Art. 105. The prospectus shall specify the following particulars:
1° a declaration that the company is a joint-stock one ;
2° the object and motives of the undertaking ;
3° the firm-name and head office of the company ;
4° the total amount of the company's capital, as well as the total number of shares and the face value of each share ;
5° a general estimate of the manner in which the capital is to be employed ;
6° the names and residences of the projectors and the number of shares subscribed to by each of them ;
7° the duration of the company, if determined.
Art. 106. The permission to project a company shall be obtained by petition to the proper Minister of State, through the Governor of the province in which the company shall have its head-office: the petition shall be accompanied by a copy of the prospectus and one of the provisory statutes.
Art. 107. Only when the said permission to project a company has been obtained from the Minister, can the prospectus be published to invite subscriptions to shares in the undertaking. The publication of the prospectus shall be accompanied by the announcement :
1° that permission has been obtained for its projection, and of the date of the permission;
2° that the provisory statutes will be forwarded to each in tending subscriber for his inspection.
Art. 108. Subscriptions to shares shall be made by the subscriber's entering his name in the subscription list and by apposing his seal against it, and by mentioning there in the number of shares for which he subscribes.
When subscriptions are made by proxies, besides the name of the principal, that of the proxy also shall be given and his seal shall be affixed to his signature.
Art. 109. Subscribers shall, upon condition that the company will be formed, be bound to make payments on each share subscribed to, in conformity with the statutes of the company.
Art. 110. After all the shares have been subscribed, the projectors shall convene the first general meeting of the subscribers.
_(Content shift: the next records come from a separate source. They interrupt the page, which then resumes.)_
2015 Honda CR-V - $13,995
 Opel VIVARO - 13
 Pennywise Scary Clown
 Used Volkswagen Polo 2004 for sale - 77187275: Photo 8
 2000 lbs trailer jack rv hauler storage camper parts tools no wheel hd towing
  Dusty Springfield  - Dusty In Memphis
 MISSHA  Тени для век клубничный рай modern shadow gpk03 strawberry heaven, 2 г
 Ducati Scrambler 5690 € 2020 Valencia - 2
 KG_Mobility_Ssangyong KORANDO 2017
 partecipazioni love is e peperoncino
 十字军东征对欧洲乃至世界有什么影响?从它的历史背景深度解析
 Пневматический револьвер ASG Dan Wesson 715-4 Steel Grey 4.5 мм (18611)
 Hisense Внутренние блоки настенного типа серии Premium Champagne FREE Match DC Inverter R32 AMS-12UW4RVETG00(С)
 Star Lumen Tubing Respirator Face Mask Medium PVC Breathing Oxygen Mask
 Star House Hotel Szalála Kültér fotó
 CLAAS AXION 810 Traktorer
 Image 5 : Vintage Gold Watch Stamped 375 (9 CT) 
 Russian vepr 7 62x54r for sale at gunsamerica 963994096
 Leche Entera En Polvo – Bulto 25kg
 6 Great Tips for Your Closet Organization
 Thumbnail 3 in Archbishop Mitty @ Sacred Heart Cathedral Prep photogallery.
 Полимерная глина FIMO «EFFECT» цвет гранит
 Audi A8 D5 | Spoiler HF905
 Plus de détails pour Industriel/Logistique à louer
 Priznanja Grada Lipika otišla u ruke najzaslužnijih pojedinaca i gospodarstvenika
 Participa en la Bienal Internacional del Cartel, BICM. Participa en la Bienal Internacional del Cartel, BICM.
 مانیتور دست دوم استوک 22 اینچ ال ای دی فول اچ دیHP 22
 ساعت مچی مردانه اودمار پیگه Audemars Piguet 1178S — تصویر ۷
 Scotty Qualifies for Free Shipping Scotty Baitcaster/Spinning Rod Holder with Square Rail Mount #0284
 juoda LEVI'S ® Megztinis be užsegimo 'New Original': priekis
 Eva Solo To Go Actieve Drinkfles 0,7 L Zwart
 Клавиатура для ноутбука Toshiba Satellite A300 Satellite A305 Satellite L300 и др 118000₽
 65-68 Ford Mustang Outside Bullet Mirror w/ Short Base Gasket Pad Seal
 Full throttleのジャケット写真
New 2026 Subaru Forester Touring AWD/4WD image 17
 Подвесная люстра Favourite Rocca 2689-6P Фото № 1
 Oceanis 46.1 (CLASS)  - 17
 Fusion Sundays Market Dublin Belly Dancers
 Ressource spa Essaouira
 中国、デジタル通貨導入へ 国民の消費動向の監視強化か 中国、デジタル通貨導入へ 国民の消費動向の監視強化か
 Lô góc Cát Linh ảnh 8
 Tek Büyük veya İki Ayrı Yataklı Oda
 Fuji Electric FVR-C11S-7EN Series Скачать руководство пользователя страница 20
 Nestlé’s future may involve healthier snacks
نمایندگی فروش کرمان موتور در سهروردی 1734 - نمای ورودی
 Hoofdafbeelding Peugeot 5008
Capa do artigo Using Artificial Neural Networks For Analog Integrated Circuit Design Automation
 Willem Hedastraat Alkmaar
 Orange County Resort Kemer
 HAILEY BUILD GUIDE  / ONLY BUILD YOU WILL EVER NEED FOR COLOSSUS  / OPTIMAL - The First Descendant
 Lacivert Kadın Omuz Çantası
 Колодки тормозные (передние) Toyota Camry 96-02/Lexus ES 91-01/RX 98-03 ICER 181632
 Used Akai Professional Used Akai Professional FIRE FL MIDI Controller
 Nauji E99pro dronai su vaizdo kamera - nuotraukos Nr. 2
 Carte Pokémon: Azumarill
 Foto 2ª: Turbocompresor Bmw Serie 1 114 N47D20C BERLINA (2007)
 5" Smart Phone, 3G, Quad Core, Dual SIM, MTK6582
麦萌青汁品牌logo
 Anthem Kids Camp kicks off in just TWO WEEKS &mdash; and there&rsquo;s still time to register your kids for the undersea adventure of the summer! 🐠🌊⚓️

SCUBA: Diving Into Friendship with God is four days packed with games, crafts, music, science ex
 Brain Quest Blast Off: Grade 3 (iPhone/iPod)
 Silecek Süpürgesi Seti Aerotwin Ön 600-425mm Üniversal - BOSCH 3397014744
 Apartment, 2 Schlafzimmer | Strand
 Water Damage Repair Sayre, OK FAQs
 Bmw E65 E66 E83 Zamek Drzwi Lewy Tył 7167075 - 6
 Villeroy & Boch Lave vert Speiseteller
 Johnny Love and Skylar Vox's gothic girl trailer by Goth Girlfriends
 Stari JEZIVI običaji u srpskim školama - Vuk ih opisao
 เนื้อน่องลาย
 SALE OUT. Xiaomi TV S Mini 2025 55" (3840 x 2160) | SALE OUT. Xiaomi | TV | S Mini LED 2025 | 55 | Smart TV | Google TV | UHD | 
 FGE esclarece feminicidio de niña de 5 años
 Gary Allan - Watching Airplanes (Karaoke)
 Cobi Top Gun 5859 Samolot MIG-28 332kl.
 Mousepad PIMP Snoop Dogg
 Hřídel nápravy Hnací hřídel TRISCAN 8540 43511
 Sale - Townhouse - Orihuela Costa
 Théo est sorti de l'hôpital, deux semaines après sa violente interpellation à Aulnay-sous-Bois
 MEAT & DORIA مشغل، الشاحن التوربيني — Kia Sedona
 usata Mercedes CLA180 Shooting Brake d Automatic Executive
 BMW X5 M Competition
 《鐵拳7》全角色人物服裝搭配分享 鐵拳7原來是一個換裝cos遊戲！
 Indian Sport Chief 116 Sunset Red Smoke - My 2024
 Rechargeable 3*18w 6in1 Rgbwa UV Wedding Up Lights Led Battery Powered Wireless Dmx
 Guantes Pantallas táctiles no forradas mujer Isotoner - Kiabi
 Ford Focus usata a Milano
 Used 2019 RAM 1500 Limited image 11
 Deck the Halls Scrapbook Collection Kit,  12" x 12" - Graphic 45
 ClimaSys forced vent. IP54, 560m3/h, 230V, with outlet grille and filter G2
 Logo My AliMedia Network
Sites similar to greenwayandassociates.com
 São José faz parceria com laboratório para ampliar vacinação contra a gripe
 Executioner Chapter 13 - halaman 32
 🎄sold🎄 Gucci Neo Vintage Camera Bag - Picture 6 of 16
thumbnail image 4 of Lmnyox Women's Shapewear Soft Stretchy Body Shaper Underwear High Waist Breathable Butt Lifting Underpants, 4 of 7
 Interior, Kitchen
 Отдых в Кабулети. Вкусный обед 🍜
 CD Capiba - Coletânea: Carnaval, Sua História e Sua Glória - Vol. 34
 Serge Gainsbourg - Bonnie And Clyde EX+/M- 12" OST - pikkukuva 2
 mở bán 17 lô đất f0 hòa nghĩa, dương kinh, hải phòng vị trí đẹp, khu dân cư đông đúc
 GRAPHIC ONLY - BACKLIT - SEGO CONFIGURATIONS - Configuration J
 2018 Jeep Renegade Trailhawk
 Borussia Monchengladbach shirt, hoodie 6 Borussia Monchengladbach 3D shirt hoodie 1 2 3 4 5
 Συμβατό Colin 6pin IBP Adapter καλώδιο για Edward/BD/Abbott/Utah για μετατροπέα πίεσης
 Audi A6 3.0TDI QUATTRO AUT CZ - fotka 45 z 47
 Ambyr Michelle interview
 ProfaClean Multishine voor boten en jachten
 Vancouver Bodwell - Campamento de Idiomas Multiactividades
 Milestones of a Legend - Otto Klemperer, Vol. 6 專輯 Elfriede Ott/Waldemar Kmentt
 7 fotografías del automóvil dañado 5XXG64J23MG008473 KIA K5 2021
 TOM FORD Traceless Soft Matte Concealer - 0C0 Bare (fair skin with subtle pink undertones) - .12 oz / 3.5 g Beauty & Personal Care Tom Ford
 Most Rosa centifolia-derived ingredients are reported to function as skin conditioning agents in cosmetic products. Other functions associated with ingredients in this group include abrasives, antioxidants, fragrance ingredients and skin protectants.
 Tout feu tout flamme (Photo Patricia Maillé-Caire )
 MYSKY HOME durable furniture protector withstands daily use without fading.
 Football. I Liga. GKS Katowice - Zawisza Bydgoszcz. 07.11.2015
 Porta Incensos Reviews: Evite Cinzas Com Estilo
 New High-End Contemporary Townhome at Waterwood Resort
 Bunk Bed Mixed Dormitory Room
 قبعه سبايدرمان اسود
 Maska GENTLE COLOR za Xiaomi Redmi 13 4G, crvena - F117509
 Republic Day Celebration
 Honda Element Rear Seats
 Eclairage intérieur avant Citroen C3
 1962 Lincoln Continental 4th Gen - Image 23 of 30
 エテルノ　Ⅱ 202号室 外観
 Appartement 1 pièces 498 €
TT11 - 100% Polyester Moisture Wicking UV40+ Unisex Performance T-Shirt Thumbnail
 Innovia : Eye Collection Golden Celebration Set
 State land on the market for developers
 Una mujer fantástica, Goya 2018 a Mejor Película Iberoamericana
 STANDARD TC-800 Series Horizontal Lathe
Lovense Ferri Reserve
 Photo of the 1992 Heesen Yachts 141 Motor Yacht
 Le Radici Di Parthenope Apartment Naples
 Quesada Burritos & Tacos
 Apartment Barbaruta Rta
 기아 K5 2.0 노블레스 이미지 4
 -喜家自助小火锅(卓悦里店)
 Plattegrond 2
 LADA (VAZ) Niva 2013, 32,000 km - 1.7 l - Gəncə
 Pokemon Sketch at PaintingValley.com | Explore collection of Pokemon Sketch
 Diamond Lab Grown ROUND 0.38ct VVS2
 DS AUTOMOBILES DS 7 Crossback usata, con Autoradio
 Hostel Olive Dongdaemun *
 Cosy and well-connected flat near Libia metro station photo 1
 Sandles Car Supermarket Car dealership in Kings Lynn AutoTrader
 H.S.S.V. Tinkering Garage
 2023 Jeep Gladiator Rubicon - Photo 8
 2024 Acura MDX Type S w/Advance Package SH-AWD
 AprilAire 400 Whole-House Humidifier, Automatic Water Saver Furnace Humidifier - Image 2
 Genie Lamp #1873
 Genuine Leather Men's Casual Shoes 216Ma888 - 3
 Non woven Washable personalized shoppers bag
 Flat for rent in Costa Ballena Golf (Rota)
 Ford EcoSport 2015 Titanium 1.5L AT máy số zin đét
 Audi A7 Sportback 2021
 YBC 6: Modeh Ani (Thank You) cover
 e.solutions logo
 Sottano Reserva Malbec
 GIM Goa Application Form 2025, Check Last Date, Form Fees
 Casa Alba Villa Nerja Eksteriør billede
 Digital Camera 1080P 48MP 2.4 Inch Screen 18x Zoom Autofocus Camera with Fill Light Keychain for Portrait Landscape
At that meeting, resolutions adopting the statutes of the company shall first be passed, and then others upon contracts entered into and expenses incurred by the projectors in the interest of the company, as well as upon the value of contributions, other than money, of individual members to the common stock, for which they have received an equivalent in shares of the company.
Art. 111. The resolutions mentioned in the foregoing article shall be passed by a majority of the subscribers present, provided there be present a quorum of not less than one half of their whole number and that they represent not less than one half of the total amount of the capital of the company.
Art. 112. At the first general meeting, the directors and a committee of inspection shall be elected.
Art. 113. After the first general meeting the projectors shall address to the proper Minister of State through the Governor as above said a petition for authorization. This petition shall be accompanied :
1° by a copy of the prospectus and of the statutes of the company;
2° by a copy of the subscription list;
3° by the permission granted for the projection.
Art. 114. When the authorization has been granted, the projectors shall surrender the business of the company to the directors.
The directors shall at once call upon the subscribers to pay into the treasury of the company an instalment of at least 25% upon each share they have subscribed for.
Art. 115. After the aforesaid payment has been made, application accompanied by a copy of the prospectus, of the statutes, of the subscription list, and of the patent of authorization, shall be made for registration and publication.
Registration and publication shall contain as follows:
1° a declaration that the company is a joint-stock one;
2° an announcement of the object of the same;
3° its firm name and its head office;
4° the total amount of its capital as well as the total number of shares into which it is divided and the face value of each share;
5° the amount paid in upon each share;
6° the names and residences of the directors;
7° the duration of the company, it determined ;
8° the date of the patent of authorization ;
9° the date of the commencement of business.
The registrar shall preserve the documents deposited with him by the company, together with the register.
Art. 116. Whenever joint stock company establishes a branch office, registration and publication in the locality of the branch office shall be effected in the same way as for the head-office.
Art. 117. The authorization shall become inoperative whenever registration and publication shall not have been effected within one year at the furthest, from the date of the authorization. The provisions of Articles 24 and 25 shall also apply to joint-stock companies.
Art. 118. The projectors and directors of a company as well as the subscribers to the shares thereof, shall in case that registration and publication are not effected, be personally and unlimitedly responsible for all obligations and expenses approved at the first general meeting of the subscribers.
Art. 119. The projectors of a company shall be held personally and unlimitedly responsible for any and every obligation or expense connected with the undertaking not approved at the first general meeting.